Everything from the line with "Apartamento 2 Hab, Línea" to the end of the entries should be copied exactly, and nothing else.

====================

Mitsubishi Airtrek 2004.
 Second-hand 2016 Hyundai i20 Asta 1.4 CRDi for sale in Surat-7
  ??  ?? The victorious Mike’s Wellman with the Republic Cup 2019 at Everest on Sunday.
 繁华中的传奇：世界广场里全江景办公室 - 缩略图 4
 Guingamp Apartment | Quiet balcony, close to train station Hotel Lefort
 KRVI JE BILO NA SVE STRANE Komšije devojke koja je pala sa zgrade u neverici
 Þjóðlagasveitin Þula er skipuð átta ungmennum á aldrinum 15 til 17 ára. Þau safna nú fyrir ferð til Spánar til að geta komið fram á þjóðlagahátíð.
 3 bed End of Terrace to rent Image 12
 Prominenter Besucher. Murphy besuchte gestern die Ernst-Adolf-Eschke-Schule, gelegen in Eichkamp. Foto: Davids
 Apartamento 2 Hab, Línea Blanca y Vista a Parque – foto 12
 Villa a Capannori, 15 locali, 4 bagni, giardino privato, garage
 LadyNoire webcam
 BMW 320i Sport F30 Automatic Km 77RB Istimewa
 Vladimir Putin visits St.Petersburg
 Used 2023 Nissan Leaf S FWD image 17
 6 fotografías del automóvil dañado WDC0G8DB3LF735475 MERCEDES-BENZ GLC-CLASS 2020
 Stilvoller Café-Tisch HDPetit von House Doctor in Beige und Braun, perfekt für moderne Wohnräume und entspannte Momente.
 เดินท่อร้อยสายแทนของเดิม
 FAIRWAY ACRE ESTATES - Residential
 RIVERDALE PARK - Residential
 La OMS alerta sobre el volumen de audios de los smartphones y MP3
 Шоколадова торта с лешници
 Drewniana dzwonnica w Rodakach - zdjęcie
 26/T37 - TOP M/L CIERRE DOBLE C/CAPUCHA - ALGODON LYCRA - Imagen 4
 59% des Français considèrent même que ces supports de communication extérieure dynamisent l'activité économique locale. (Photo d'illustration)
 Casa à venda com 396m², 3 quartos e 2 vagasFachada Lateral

====================

** SOLVED PROBLEM **
 Apartamento 2 Hab, Línea Blanca y Vista a Parque – foto 12
 Villa a Capannori, 15 locali, 4 bagni, giardino privato, garage
 LadyNoire webcam
 BMW 320i Sport F30 Automatic Km 77RB Istimewa
 Vladimir Putin visits St.Petersburg
 Used 2023 Nissan Leaf S FWD image 17
 6 fotografías del automóvil dañado WDC0G8DB3LF735475 MERCEDES-BENZ GLC-CLASS 2020
 Stilvoller Café-Tisch HDPetit von House Doctor in Beige und Braun, perfekt für moderne Wohnräume und entspannte Momente.
 เดินท่อร้อยสายแทนของเดิม
 FAIRWAY ACRE ESTATES - Residential
 RIVERDALE PARK - Residential
 La OMS alerta sobre el volumen de audios de los smartphones y MP3
 Шоколадова торта с лешници
 Drewniana dzwonnica w Rodakach - zdjęcie
 26/T37 - TOP M/L CIERRE DOBLE C/CAPUCHA - ALGODON LYCRA - Imagen 4
 59% des Français considèrent même que ces supports de communication extérieure dynamisent l'activité économique locale. (Photo d'illustration)
 Casa à venda com 396m², 3 quartos e 2 vagasFachada Lateral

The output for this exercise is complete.